Wavelet analysis has established itself as a robust and highly effective framework for the processing and characterization of non-stationary signals. While classical dyadic wavelet transforms are widely utilized due to their computational efficiency, non-dyadic (rational) wavelet transforms often provide a superior representation of signal singularities and complex oscillatory patterns. The proliferation of diverse wavelet functions necessitates a systematic approach to basis selection, which remains a critical task for maximizing feature extraction capabilities.
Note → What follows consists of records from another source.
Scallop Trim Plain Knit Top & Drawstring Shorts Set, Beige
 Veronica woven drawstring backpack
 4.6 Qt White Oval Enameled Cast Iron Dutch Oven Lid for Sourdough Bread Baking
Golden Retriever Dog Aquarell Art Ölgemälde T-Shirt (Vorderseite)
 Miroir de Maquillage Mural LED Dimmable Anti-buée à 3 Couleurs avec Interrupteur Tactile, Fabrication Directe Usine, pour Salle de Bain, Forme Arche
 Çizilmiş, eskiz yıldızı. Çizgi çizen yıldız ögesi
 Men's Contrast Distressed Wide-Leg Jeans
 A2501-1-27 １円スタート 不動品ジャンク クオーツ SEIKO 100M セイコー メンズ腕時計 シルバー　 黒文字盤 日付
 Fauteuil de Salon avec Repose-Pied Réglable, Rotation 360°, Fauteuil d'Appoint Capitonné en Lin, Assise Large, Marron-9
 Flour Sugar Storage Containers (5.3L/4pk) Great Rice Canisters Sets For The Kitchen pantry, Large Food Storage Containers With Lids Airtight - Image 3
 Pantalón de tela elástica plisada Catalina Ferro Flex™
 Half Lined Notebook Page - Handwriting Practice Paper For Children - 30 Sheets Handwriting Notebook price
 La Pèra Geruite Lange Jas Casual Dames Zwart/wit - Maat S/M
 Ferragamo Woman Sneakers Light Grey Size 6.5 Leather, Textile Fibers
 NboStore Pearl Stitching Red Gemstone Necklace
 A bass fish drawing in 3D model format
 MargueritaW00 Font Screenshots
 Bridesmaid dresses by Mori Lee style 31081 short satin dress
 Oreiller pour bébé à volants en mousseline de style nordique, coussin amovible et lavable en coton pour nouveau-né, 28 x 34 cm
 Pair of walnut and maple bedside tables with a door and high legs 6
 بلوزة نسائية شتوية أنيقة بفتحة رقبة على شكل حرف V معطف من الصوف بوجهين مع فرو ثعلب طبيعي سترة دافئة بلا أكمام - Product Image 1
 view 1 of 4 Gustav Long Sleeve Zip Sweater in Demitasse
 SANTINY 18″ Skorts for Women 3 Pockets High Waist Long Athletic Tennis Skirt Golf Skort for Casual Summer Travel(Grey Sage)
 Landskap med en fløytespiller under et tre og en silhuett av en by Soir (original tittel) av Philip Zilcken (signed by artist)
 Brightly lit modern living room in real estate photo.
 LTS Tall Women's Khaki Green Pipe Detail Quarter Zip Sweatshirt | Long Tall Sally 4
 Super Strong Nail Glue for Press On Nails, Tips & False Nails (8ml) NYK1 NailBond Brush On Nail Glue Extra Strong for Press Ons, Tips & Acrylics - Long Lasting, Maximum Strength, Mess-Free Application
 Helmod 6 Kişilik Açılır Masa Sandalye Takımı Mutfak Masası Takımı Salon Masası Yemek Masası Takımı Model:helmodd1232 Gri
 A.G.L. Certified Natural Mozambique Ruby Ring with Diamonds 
This paper investigates fundamental approaches for evaluating the efficiency of wavelet bases, focusing on criteria derived from the energy distribution of decomposition coefficients, the similarity between the wavelet coefficients and the original signal, and mutual information metrics. The applicability and mathematical robustness of these evaluation methods are specifically examined in the context of non-dyadic wavelet transforms. To validate the investigated methodologies, an additive two-harmonic test signal is employed, subjected to four distinct types of interference (additive white Gaussian, impulse, pink, and multiplicative noise) under varying signal-to-noise ratios. Finally, a comprehensive Composite Quality Index (CQI) is proposed. By aggregating the considered energetic and information-entropic characteristics, this index provides a reliable criterion for selecting the optimal non-dyadic wavelet basis for specific signal processing tasks.